O Brasil utiliza duas formas para exploração do petróleo: o de concessão e o de partilha. O primeiro modelo é adotado quando há grande risco exploratório. Neste caso, o óleo retirado pertence à empresa que o extrai e a União recebe taxas e royalties referentes a essa extração. 

Já na área do Pré-sal, ao contrário, o risco exploratório é baixo, ou seja, a possibilidade de encontrar petróleo é maior e, assim, torna-se mais apropriado o sistema de partilha, no qual  vence a licitação, a empresa que ofertar a maior parcela de óleo para a União, sendo garantido por Lei que a Petrobras é a operadora única nesta modalidade.

A Petrobras ressalta que as descobertas da camada do Pré-sal no Brasil provocaram uma inversão do risco exploratório no País, propiciando mais investimentos. Afinal, as companhias levam em consideração o valor da remuneração e o risco geológico do empreendimento. 

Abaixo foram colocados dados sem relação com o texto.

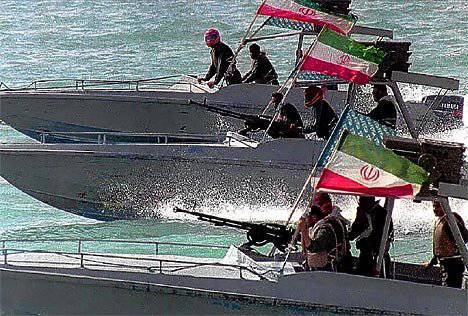 Iranin laivaston kaksi laivastoa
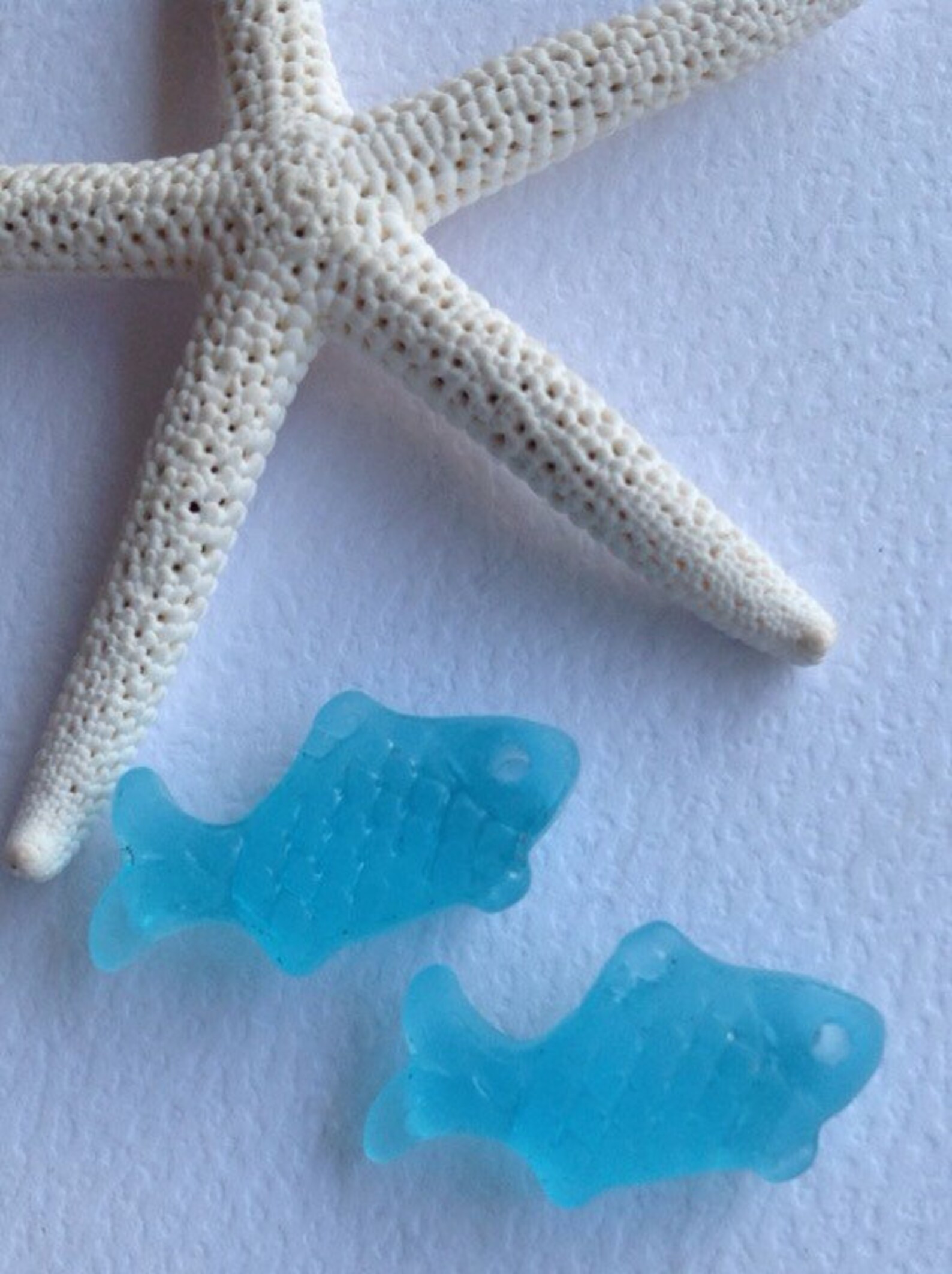 2 pcs sea glass beadsturquoise fish beadseaglass Etsy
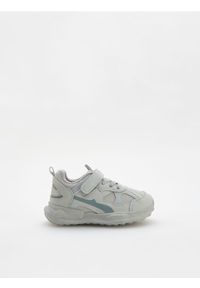 Reserved - Sneakersy na rzepy - jasnoszary. Zapięcie: rzepy. Kolor: szary. Materiał: materiał
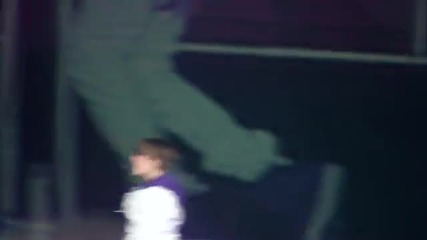 Justin Bieber - Bigger - concert - live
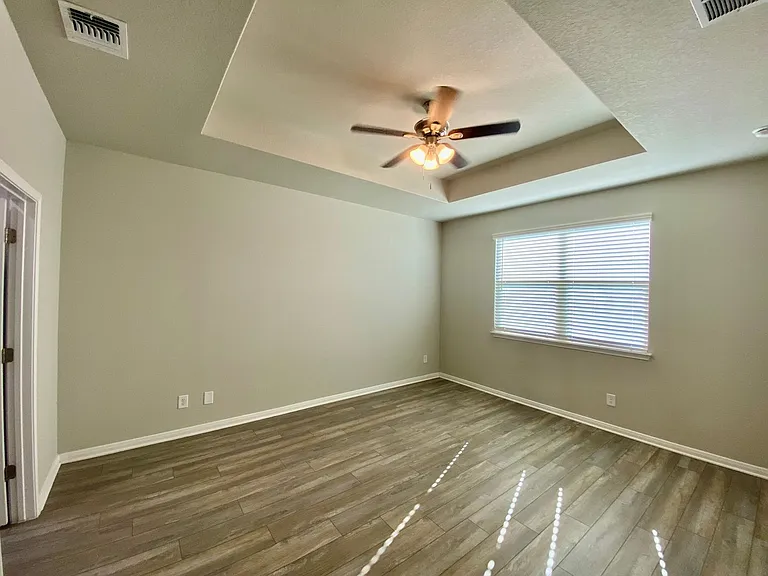 321 Caleb Ct — Photo 9
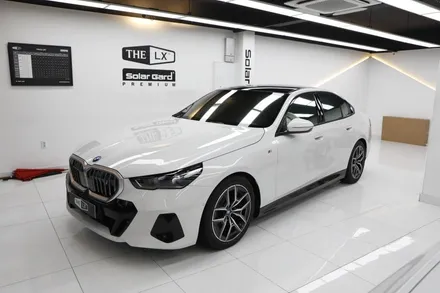 부천 BMW i5 그릴 랩핑(아이코닉글로우) 더욱 간지나게 변신!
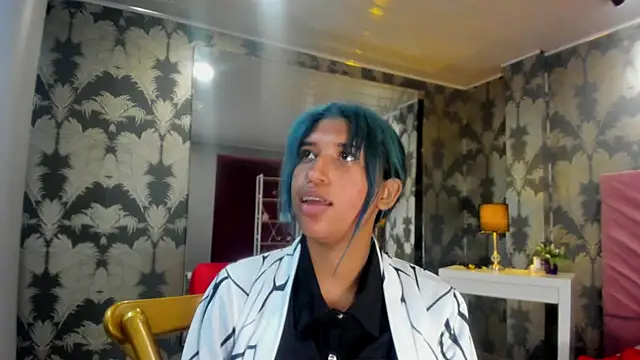 Snapshot of Karin_Ks chatting on October 31, 7:29 pm Karin Ks online show from October 31, 7:29 pm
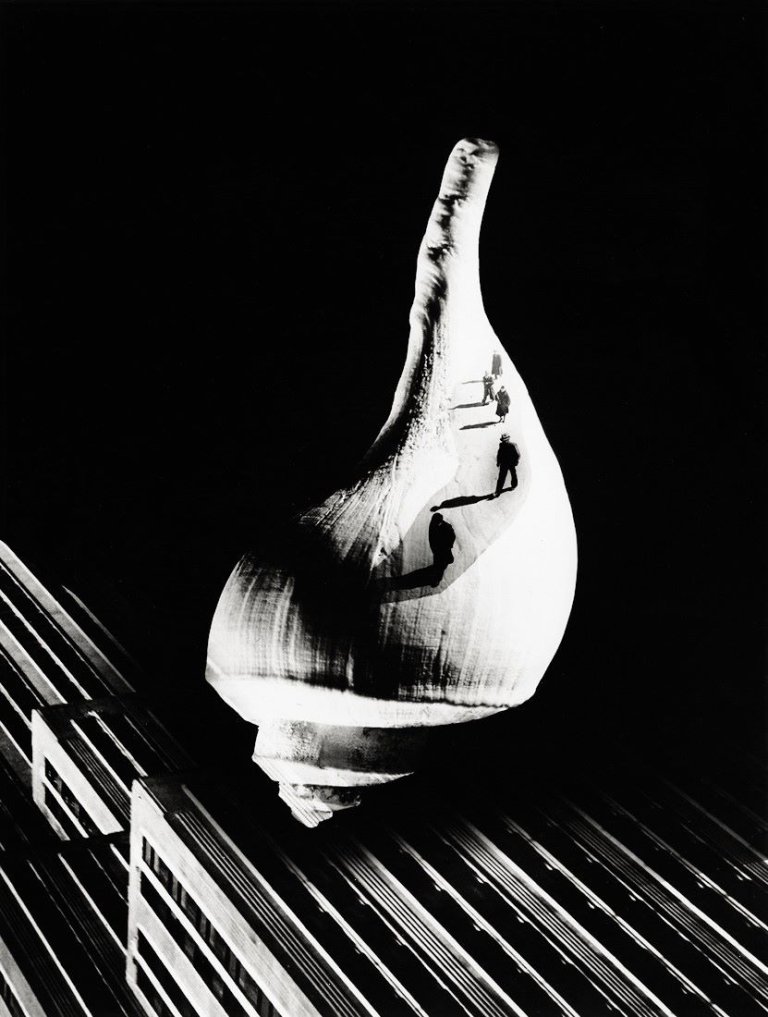 Auf diesem Bild ist das folgende Kunstwerk zu sehen: Barbara Morgan (d.i. Barbara Brooks Johnson). „City Shell“. 1938.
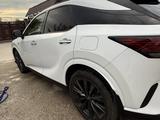 Lexus RX 350h 2023 годаүшін34 000 000 тг. в Алматы – фото 5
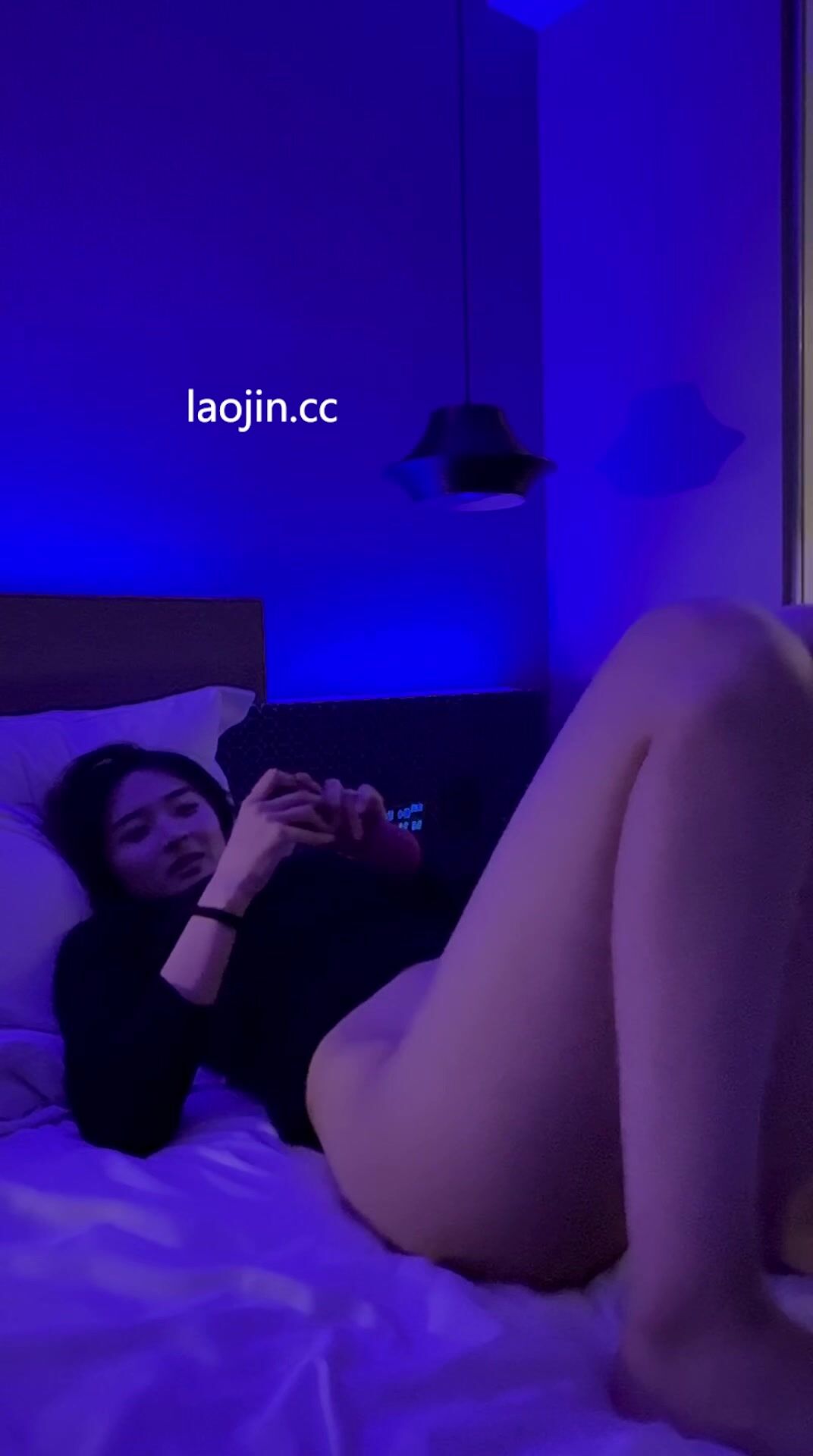 2025年3月最新，黑马大神露脸群，【真实勾搭邻家女孩】，蜜桃臀后入，颜射，小姐姐床上做爱很疯狂，对白精彩刺激 (2)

No caso brasileiro, a Petrobras  destaca ainda uma vantagem adicional: a estabilidade jurídica do País, um fator de segurança no cumprimento dos contratos. Sem contar que os recursos provenientes da exploração do Pré-sal poderão ser canalizados pelo Estado para investimentos na área social, como educação, por meio dos recursos que sejam aportados no Fundo Social.

No Pré-sal, a Petrobras – empresa que tem o governo brasileiro como acionista principal – será a operadora da extração e terá pelo menos 30% de todos os blocos, conforme o modelo de partilha aprovado pelo Congresso Nacional em 2010. Como operadora, a Petrobras fica responsável pela condução principal das atividades de exploração e produção. 

O modelo de partilha é adotado com sucesso em países que têm grande produção de petróleo com menor risco exploratório, como Angola, Nigéria e Indonésia, enquanto países com maior risco, como Estados Unidos e Noruega, adotam o modelo de concessão, assim como na área do pós-sal brasileiro (as reservas do pós-sal encontram-se acima da camada de sal, ou seja, acima do Pré-sal).

Enquanto a Petrobras comanda a operação, a Pré-Sal Petróleo S.A. (PPSA, controlada pelo governo brasileiro) será a empresa responsável pela gestão dos contratos de partilha de produção e comercialização de petróleo, gás natural e outros hidrocarbonetos fluidos na área do Pré-sal. 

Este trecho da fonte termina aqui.